Once upon a time, a Frenchman set out to create the world’s first land speed record. On a cold December day, in 1898, he managed an average 57.65 mph over a measured kilometre. Another Frenchman beat that within a month, averaging 65.79 mph with a world land speed record that would stand for three years. The current record, over eleven times faster, is held by a jet-powered vehicle – but the two Frenchmen were driving cars powered by electricity.
Battery-driven engines are no longer the state of the art in automotive propulsion, by most standards. They are certainly quieter, more environmentally sound and use cheaper fuel. Electric vehicles (EVs) can also be very fast. Just a mere $335,000 will buy you an electric Chevrolet Corvette GXE, with an officially ratified top speed of 186.8 mph. None of this, however, meets the requirement of an average motorist.
Drivers want to get behind the wheel and drive. Nobody ever needs to drive from London to Edinburgh without stopping for fuel, but everyone wants the capability, just in case. We expect to pull in at a filling station, refuel, and set off again within two minutes. That sort of range and speed of refuelling are probably beyond the reach of even the next EV generation.
More than a century after the world’s fastest cars being battery-powered, we can not walk into a showroom and order an EV that offers useful, real-world performance. London to Edinburgh? Almost all current EVs would run out of charge before Birmingham. When that happens, a full recharge will take anywhere up to 12 hours.
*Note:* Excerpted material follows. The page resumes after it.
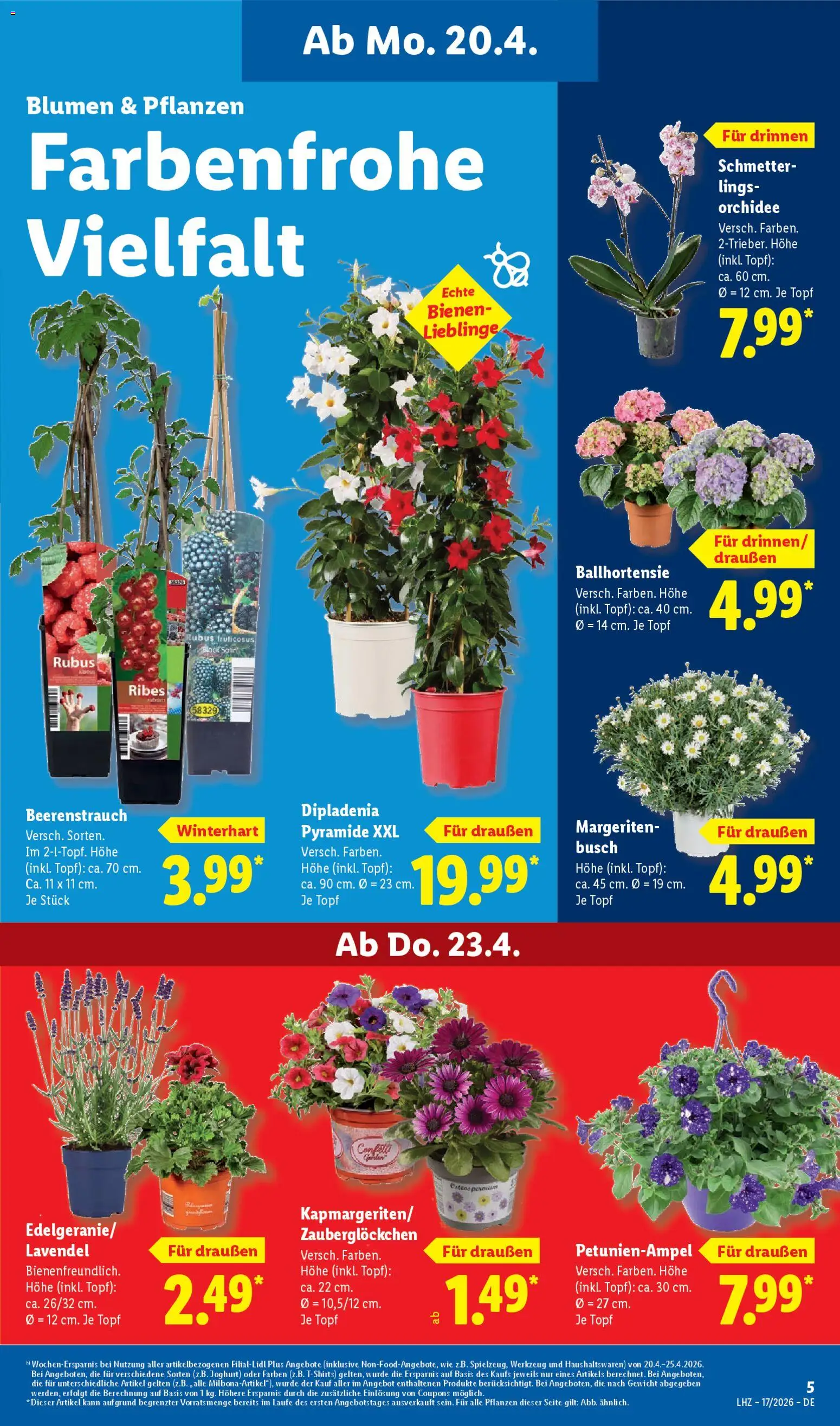 Lidl Německo leták od 20.04.2026 | Strana: 11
A rapid 80% recharge may be available, at the right charging station, but it is still going to delay you by 20 to 30 minutes. It hardly matters that, for such poor performance, we will still be charged twice as much for the car as for its petrol-powered equivalent.
Now, the good news. EV technology is improving constantly, ranges are lengthening and prices are falling, albeit gradually. For the driver whose journeys are invariably within a few miles of home, cost-per-mile – around one-fifth of a petrol equivalent – already makes the EV a reasonable proposition. Things can only get better, so it may be time for fleet managers to put EVs under the feasibility microscope.